The myth of resilient children. A final idea that contributed to the decline of fatherhood in America was that children are resilient. For much of human history, children have been seen as requiring tenderness, affection, and protection from the adult world. This view of childhood as a time of innocence and vulnerability led to the prevailing cultural virtue that parents in troubled marriages ought to stay together "for the sake of the kids." This does not mean that divorce is a recent invention; indeed, divorce has been a part of mankind's experience throughout human history. But it did place a natural braking mechanism on impulses to leave one's spouse, which helped to keep divorce rates relatively low.

As pointed out by Barbara Dafoe Whitehead in her recent book The Divorce Culture, this view of childhood posed a problem for the divorce advocates in the 1970s. If children were vulnerable to stress and disruption, how does one divorce without feeling guilty? The answer: Children are really more resilient than we think. Divorce, and its consequent father absence, may be painful at first, but the children will get over it. They are, after all, just children.

Some even went further to suggest that divorce can be a self--actualizing experience for children. In their 1974 book The Courage To Divorce, authors Susan Gettleman and Janet Markowitz argued that "divorce can liberate children," and can lead to "greater insight and freedom as adults in deciding whether and when to marry" and to "break away from excessive dependency on their biological parents." Similarly, in his 1973 book Creative Divorce: A New Opportunity for Personal Growth, therapist Mel Krantzler stated that divorce provides "an ambiguous, expanded experience that moves kids to better adjustment in a society that is highly ambiguous and expanded."

The propagation of the "resilient child" myth was extraordinarily successful. By 1977, 80 percent of respondents to a national survey disagreed with the statement, "When there are children in the family, parents should stay together even if they don't get along." Divorce rates nearly tripled between 1960 and the early 1980s, as adults found a way to avoid their guilt about walking away from unsatisfying marriages. Today, nearly a million children a year experience the "liberating effects" of divorce.

[...]
The themes laid out in Whitehead's article were further refined and expanded in a series of compelling articles and books, including Life Without Father, by David Popenoe; New Expectations: Community Strategies for Responsible Fatherhood, by James Levine and Edward Pitt; FatherLove, by Richard Louv; and especially Fatherless America, by David Blankenhorn. Particularly influential was a Wall Street Journal article by Charles Murray entitled "The Coming White Underclass." Murray dramatically and compellingly broadened the perception of father absence from merely a "black family problem" to one that was quickly encompassing all of American society.

I'm really starting to feel like an academic now because when I read this article, I recognized names that were mentioned, because I had done some research on the subject going all the way back to OAC!

In OAC I took a class called Families in Society and I really enjoyed it. for our major project I chose to do it on Cohabitation VS. Marriage: Do People Cohabitate Because They Fear Divorce? I primarily used a study done by Popenoe and Whitehead (two people mentioned in the above article).

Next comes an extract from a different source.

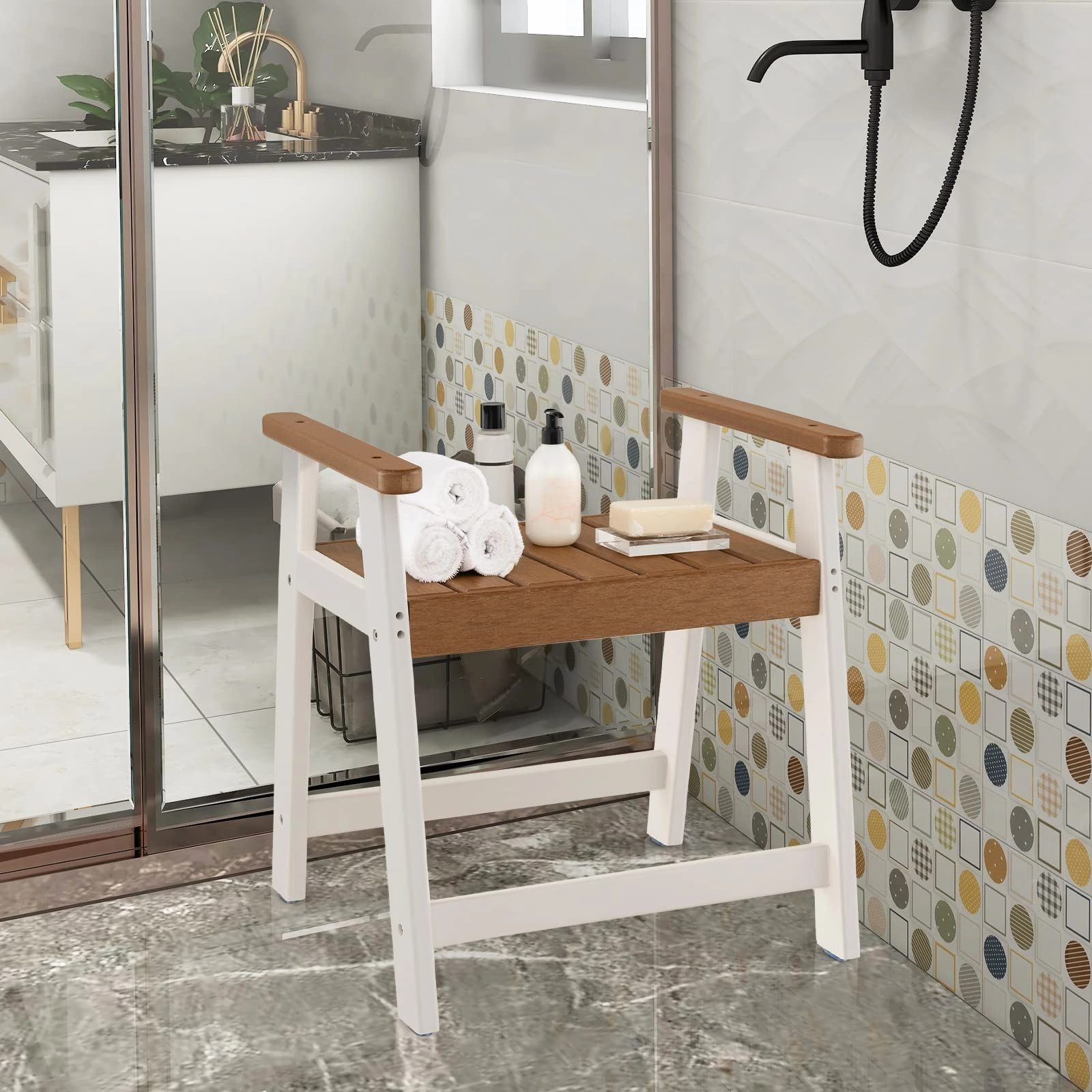 Giantex Shower Bench with Arms, Waterproof HDPE Shower Stool for Bathroom, Heavy Duty Sturdy Bath Seat for Seniors Elderly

I received a 92% on the project, and, the class as well as the project really got me into Sociology. It is now one of my majors in my undergrad, but will also be the department in which I do my Masters in 07-08. Family and Society is a great controversial topic in which I would like to learn more about, as growing up through the public education system, my teachers, would share their liberal views. I remember thinking in my Society: Challenge and Change class that Androgynous parenting is good and that's how I was going to parents. I was naive and not as strong in my critical thinking skills as I am now.